Material shown

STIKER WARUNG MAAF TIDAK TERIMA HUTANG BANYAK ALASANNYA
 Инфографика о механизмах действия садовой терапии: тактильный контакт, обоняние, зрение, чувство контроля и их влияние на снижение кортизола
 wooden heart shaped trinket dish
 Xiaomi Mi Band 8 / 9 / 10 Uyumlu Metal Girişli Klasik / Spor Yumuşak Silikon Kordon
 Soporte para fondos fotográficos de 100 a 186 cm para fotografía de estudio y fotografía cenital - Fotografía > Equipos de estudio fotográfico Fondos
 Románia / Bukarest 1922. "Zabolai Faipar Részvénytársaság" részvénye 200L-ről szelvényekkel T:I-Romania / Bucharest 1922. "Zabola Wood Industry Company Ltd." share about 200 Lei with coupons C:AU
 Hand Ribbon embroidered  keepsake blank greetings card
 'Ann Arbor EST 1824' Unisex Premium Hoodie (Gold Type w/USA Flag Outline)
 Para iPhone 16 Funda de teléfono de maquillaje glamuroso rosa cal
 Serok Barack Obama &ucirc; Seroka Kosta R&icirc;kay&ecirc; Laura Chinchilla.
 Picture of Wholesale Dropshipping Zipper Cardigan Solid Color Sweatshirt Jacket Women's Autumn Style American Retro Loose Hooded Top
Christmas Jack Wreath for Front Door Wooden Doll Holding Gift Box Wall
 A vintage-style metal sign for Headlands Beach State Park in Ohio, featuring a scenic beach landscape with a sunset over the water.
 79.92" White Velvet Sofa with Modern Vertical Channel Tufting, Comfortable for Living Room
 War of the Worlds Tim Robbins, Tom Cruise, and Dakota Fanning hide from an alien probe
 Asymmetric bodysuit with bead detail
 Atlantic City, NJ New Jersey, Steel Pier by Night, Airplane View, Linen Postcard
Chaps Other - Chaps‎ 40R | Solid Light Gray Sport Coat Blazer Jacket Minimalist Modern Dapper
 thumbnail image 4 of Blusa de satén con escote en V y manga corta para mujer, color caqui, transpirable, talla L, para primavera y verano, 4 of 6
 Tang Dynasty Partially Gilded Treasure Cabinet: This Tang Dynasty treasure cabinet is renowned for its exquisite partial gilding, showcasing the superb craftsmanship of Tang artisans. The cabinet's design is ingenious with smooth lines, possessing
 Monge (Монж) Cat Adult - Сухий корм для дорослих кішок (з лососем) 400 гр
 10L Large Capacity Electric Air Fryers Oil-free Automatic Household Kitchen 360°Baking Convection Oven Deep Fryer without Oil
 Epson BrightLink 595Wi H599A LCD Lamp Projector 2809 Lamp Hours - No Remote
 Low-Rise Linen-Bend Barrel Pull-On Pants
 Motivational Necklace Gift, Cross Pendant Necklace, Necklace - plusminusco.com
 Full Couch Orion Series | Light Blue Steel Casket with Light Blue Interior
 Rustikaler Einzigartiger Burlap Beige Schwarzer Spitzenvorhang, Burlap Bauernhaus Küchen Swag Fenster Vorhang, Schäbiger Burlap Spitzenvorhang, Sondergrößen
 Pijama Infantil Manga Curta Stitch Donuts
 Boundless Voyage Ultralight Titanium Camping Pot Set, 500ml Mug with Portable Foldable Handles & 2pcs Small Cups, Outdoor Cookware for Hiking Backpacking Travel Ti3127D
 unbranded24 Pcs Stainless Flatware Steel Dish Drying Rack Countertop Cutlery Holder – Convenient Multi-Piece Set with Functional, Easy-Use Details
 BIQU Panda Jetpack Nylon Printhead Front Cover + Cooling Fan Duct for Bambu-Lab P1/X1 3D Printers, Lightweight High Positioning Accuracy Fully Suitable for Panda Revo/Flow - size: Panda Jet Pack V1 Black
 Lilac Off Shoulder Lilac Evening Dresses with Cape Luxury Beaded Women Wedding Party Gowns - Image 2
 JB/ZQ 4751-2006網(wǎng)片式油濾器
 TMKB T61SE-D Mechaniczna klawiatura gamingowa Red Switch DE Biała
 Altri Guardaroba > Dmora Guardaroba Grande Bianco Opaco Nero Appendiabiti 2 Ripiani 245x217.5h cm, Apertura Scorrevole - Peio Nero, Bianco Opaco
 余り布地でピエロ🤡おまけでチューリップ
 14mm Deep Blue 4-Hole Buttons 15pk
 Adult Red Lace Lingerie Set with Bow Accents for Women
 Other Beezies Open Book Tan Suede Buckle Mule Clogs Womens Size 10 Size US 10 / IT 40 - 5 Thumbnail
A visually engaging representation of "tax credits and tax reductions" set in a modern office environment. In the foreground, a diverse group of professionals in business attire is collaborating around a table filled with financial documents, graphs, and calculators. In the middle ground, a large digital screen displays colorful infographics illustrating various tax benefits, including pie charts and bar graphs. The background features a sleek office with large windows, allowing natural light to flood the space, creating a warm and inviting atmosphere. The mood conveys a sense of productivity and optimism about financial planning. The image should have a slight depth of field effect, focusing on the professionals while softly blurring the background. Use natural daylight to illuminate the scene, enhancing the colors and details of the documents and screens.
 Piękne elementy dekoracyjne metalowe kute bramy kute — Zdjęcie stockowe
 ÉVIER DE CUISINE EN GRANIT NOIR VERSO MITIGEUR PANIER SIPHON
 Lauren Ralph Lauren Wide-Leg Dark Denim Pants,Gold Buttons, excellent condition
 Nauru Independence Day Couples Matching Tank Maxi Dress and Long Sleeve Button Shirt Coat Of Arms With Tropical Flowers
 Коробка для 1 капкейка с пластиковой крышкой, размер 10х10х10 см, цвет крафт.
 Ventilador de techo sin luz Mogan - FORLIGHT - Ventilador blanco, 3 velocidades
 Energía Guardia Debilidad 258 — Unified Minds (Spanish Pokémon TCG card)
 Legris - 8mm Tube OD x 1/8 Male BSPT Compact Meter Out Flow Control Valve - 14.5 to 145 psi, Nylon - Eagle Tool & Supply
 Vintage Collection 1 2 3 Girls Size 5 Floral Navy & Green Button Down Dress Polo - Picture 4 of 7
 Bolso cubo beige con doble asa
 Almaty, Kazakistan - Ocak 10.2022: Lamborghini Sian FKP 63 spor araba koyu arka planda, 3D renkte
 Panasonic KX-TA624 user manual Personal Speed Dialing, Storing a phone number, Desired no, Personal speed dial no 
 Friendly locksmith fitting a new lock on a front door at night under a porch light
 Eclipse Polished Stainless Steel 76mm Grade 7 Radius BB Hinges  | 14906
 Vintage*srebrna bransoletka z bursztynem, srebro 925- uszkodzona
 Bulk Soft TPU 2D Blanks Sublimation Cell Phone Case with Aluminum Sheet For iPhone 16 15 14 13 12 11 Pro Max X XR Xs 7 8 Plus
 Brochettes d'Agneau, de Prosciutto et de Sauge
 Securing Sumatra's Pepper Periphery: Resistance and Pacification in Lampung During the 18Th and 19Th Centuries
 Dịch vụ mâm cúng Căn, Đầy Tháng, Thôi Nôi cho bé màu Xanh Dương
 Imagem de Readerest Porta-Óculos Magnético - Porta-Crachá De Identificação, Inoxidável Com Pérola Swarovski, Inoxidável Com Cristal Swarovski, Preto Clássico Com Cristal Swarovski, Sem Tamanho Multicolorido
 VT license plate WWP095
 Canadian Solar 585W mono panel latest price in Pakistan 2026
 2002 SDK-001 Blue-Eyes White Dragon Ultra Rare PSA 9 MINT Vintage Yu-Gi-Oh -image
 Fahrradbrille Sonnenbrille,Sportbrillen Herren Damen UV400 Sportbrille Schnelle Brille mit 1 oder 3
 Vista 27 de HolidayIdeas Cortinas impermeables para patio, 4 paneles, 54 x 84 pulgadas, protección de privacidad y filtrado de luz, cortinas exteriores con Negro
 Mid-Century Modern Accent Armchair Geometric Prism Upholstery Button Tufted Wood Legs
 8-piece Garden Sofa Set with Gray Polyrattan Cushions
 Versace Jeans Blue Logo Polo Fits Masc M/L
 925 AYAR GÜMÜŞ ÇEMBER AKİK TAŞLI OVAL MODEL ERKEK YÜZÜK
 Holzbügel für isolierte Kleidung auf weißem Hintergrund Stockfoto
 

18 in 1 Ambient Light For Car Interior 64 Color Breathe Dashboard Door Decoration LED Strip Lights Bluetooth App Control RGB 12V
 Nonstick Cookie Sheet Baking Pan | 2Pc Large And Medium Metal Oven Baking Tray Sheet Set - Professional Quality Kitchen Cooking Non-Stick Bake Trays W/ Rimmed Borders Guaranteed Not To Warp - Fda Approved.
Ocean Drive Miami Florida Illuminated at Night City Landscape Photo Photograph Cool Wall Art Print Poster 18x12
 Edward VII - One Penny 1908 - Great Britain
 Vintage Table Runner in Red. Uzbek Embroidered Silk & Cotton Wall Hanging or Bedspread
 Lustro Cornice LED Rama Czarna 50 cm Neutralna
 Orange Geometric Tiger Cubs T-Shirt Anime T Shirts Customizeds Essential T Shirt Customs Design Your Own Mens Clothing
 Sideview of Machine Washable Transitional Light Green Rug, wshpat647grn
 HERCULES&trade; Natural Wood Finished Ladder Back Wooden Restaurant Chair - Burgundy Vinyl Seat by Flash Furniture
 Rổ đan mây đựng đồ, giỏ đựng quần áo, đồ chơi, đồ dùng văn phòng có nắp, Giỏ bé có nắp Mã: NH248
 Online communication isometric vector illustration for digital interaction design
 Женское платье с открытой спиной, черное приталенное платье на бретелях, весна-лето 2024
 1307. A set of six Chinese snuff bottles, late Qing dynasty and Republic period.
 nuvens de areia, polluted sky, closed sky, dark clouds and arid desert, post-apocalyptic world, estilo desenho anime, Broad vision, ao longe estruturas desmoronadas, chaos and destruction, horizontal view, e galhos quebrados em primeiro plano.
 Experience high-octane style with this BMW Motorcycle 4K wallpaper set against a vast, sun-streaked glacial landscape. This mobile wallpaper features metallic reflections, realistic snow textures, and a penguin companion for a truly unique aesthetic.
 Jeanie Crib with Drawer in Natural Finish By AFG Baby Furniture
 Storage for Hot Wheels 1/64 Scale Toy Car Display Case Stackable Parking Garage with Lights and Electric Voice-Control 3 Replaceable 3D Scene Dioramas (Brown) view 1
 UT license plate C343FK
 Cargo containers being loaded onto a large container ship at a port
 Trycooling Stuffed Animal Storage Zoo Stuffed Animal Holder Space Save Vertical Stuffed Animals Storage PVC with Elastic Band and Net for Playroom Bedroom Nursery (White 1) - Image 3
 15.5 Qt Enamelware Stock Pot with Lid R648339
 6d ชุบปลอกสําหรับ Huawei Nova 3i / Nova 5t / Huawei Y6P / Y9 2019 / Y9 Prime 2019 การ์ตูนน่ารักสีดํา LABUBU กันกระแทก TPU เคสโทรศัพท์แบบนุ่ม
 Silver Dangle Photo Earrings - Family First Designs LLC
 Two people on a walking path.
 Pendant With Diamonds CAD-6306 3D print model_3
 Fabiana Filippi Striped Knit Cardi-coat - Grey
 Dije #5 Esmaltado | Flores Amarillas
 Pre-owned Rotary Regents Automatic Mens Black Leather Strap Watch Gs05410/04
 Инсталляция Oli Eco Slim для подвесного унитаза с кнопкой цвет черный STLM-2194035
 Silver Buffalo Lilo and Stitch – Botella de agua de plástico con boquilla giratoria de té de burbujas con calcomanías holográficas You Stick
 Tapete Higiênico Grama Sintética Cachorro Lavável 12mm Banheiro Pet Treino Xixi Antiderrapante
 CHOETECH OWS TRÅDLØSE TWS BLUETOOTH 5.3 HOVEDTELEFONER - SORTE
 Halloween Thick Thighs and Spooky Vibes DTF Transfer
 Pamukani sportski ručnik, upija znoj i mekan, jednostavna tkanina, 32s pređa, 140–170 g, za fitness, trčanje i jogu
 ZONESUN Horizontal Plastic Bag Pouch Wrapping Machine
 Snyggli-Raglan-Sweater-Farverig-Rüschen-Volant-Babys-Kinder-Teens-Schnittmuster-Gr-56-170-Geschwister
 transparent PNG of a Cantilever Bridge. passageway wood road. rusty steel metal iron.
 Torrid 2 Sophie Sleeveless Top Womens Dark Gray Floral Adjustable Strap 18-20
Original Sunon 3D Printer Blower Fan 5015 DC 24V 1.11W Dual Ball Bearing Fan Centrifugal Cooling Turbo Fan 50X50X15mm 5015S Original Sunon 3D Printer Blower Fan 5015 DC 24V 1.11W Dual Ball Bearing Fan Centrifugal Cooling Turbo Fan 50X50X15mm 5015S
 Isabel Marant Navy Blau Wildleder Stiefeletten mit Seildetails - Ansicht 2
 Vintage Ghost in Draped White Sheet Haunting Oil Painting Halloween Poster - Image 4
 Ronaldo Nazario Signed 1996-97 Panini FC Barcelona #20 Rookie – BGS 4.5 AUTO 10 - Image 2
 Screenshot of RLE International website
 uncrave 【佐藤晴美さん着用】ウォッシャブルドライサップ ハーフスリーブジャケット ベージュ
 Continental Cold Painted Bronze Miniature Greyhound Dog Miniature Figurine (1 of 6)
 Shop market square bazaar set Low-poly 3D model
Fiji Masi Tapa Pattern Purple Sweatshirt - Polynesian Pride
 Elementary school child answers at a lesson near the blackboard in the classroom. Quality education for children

The problem
The exact lines of the material above starting at the one that contains "Rustikaler Einzigartiger Burlap" and ending at the one that contains "Boundless Voyage Ultralight" are what to retype; leave out everything else.

Your solution
 Rustikaler Einzigartiger Burlap Beige Schwarzer Spitzenvorhang, Burlap Bauernhaus Küchen Swag Fenster Vorhang, Schäbiger Burlap Spitzenvorhang, Sondergrößen
 Pijama Infantil Manga Curta Stitch Donuts
 Boundless Voyage Ultralight Titanium Camping Pot Set, 500ml Mug with Portable Foldable Handles & 2pcs Small Cups, Outdoor Cookware for Hiking Backpacking Travel Ti3127D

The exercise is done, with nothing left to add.